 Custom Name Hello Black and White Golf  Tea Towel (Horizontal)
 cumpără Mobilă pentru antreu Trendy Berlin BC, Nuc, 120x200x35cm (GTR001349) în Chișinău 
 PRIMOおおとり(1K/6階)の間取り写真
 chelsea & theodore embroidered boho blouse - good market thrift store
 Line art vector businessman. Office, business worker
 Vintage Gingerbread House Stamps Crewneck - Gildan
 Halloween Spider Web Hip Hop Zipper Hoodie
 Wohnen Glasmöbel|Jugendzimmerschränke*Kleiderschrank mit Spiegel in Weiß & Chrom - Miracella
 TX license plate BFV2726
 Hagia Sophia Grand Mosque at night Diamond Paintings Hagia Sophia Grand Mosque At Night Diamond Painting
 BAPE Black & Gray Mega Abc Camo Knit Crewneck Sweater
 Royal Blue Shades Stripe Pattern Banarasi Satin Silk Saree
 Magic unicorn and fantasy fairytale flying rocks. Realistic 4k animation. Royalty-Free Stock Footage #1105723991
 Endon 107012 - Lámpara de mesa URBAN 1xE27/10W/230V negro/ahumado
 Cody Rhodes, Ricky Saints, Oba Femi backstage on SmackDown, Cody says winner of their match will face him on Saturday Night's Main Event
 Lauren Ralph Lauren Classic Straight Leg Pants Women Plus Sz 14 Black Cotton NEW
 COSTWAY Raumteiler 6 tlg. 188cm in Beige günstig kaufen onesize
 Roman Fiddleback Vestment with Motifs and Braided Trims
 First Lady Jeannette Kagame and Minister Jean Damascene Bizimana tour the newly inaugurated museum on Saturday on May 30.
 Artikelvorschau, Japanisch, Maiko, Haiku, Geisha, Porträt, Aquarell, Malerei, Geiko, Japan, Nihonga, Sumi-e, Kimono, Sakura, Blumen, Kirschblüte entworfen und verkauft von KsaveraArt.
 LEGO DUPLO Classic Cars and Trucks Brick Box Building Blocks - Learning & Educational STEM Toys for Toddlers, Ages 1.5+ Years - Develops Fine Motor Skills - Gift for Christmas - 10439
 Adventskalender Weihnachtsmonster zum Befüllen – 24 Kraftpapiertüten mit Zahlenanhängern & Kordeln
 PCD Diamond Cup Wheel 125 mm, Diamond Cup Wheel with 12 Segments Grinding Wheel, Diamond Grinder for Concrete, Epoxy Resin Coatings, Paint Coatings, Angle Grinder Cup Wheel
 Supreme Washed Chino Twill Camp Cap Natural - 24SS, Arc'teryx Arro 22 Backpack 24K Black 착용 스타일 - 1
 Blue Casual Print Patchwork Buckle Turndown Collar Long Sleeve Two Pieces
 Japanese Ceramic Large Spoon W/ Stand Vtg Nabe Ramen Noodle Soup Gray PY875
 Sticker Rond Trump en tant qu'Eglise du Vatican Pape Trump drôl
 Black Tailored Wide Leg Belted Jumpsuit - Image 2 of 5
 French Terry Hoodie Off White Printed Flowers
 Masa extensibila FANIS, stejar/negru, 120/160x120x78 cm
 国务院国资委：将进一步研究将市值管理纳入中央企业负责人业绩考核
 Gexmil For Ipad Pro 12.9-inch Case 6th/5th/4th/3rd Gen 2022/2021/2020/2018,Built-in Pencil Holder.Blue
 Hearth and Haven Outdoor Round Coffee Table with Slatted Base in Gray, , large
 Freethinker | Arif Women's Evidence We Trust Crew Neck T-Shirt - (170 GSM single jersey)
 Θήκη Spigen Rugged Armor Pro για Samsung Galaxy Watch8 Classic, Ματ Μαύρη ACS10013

**Exercise aim**
Out of the data above, give again only the lines starting at the one holding "Wohnen Glasmöbel|Jugendzimmerschränke*Kleiderschrank mit" and ending at the one holding "Blue Casual Print", unchanged.

**Result for this task**
 Wohnen Glasmöbel|Jugendzimmerschränke*Kleiderschrank mit Spiegel in Weiß & Chrom - Miracella
 TX license plate BFV2726
 Hagia Sophia Grand Mosque at night Diamond Paintings Hagia Sophia Grand Mosque At Night Diamond Painting
 BAPE Black & Gray Mega Abc Camo Knit Crewneck Sweater
 Royal Blue Shades Stripe Pattern Banarasi Satin Silk Saree
 Magic unicorn and fantasy fairytale flying rocks. Realistic 4k animation. Royalty-Free Stock Footage #1105723991
 Endon 107012 - Lámpara de mesa URBAN 1xE27/10W/230V negro/ahumado
 Cody Rhodes, Ricky Saints, Oba Femi backstage on SmackDown, Cody says winner of their match will face him on Saturday Night's Main Event
 Lauren Ralph Lauren Classic Straight Leg Pants Women Plus Sz 14 Black Cotton NEW
 COSTWAY Raumteiler 6 tlg. 188cm in Beige günstig kaufen onesize
 Roman Fiddleback Vestment with Motifs and Braided Trims
 First Lady Jeannette Kagame and Minister Jean Damascene Bizimana tour the newly inaugurated museum on Saturday on May 30.
 Artikelvorschau, Japanisch, Maiko, Haiku, Geisha, Porträt, Aquarell, Malerei, Geiko, Japan, Nihonga, Sumi-e, Kimono, Sakura, Blumen, Kirschblüte entworfen und verkauft von KsaveraArt.
 LEGO DUPLO Classic Cars and Trucks Brick Box Building Blocks - Learning & Educational STEM Toys for Toddlers, Ages 1.5+ Years - Develops Fine Motor Skills - Gift for Christmas - 10439
 Adventskalender Weihnachtsmonster zum Befüllen – 24 Kraftpapiertüten mit Zahlenanhängern & Kordeln
 PCD Diamond Cup Wheel 125 mm, Diamond Cup Wheel with 12 Segments Grinding Wheel, Diamond Grinder for Concrete, Epoxy Resin Coatings, Paint Coatings, Angle Grinder Cup Wheel
 Supreme Washed Chino Twill Camp Cap Natural - 24SS, Arc'teryx Arro 22 Backpack 24K Black 착용 스타일 - 1
 Blue Casual Print Patchwork Buckle Turndown Collar Long Sleeve Two Pieces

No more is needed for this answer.